From the Ryan Leech Connection Mtn Bike Skill Coaching Website
I have spent the last few months working on a variety of skills/challenges: manuals, bunnyhops, balance, technical climbing, etc. Because of this, I haven’t actually tried to wheelie in quite a while.
This morning, I decided to go to my local supermarket parking lot, and reacquaint myself with this skill. I started out with the basics– 1 stroke, 2 stroke, 3 stroke brake– no problem. Then I tried to hold a wheelie, having completed the 30 Day Wheelie Challenge (twice) over a year ago. Yikes! I fell to the right, I fell to the left, I came close to looping out. I was low in the float zone, I had trouble getting beyond 5 or 6 strokes. I got FRUSTRATED, and thought– I forgot this skill that I had worked so hard to achieve!

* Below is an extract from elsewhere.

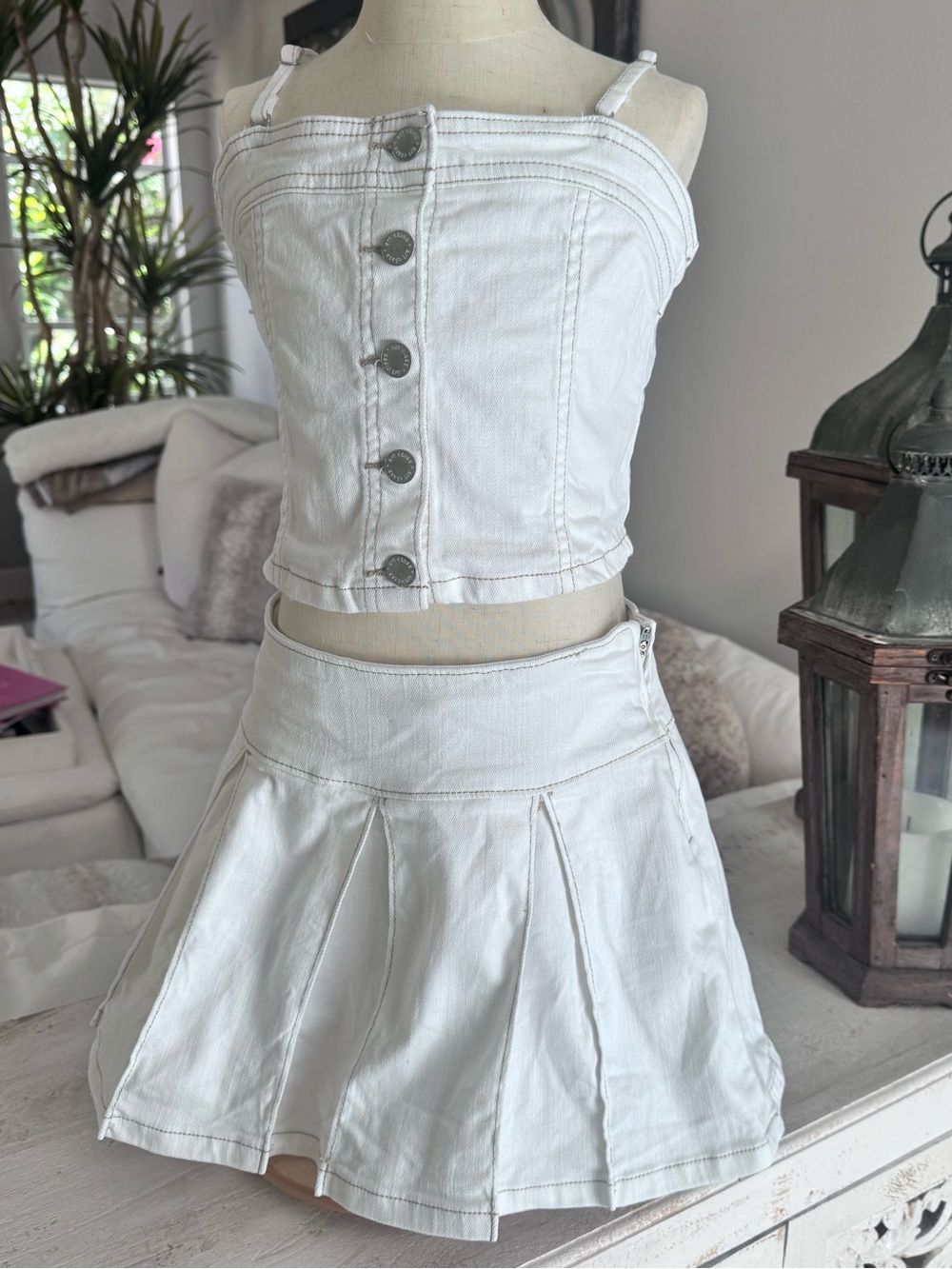 art class White Denim Pleated Skirt and Top Set (Size 8)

Luckily, I had my iPhone in the car. I pulled up the Ryan Leech Connection website, and went straight to one of my favorite lessons in the challenge: Day 16, future visualization and practice, and watched Ryan almost effortlessly glide along, his subtle yet powerful movements controlling his bike. Next, I closed my eyes, and I replaced the image of Ryan with the image of myself, floating along, body naturally making corrections and staying in balance, unafraid of falling, having fun. I ‘felt’ what it is like to be in the float zone.
After about 5 minutes of this, I got back on my bike. Checked my seat height, gear choice, brake position, etc. Instead of trying to apply specific skills, I just rolled for a moment with that movie playing in my head, leaned forward, and popped into a wheelie. Ten yards went by, then twenty, then thirty, and so on. I felt my hips and knees moving side to side, my handlebars making subtle corrections, without me thinking about them or how to do it. I just let my mind and my body take over.
For anyone in the group that has ‘skipped’ over the sections on visualization that Ryan has embedded into these courses, I encourage you NOT TO! Your mind, your senses and your body are amazing tools– use them! Skills/drills/practice are all critical to developing the skills to do a variety of techniques, but in the end, you will find your best efforts come when you just trust in yourself that your body will be able to synthesize all of your practice efforts, and just takeover.
When I was done, I got back into my car and looked in the rearview mirror. Staring back at me was my ‘wheelie smile.’ Glad I found it again!